THE TASK: Output, exactly as written, the lines below starting at the line containing "体育首存福利攻略：享受比分服务与赛事分析的全新体验" and ending at the line containing "谈球吧可靠吗：塑胶跑道长度：全面指南". Drop the pictures and keep both end lines.

THE DATA:
-----

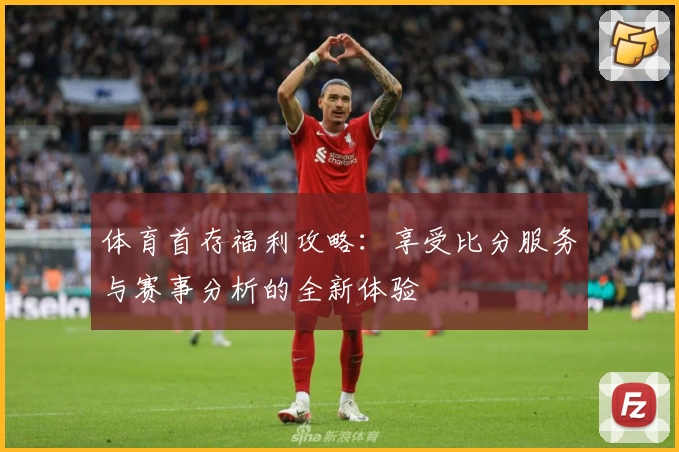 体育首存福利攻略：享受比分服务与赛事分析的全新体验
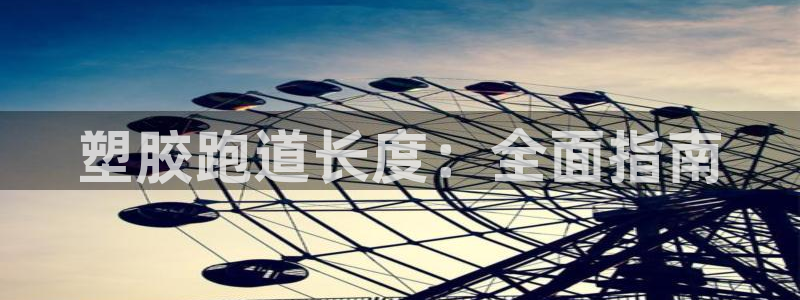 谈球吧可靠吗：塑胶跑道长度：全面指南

-----

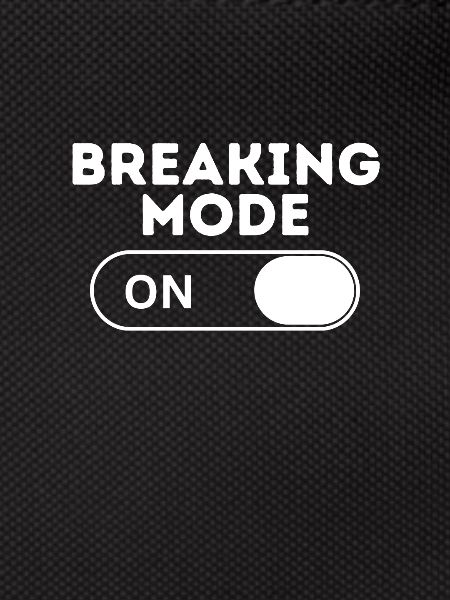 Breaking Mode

-----

EXPECTED ANSWER:
 体育首存福利攻略：享受比分服务与赛事分析的全新体验
 谈球吧可靠吗：塑胶跑道长度：全面指南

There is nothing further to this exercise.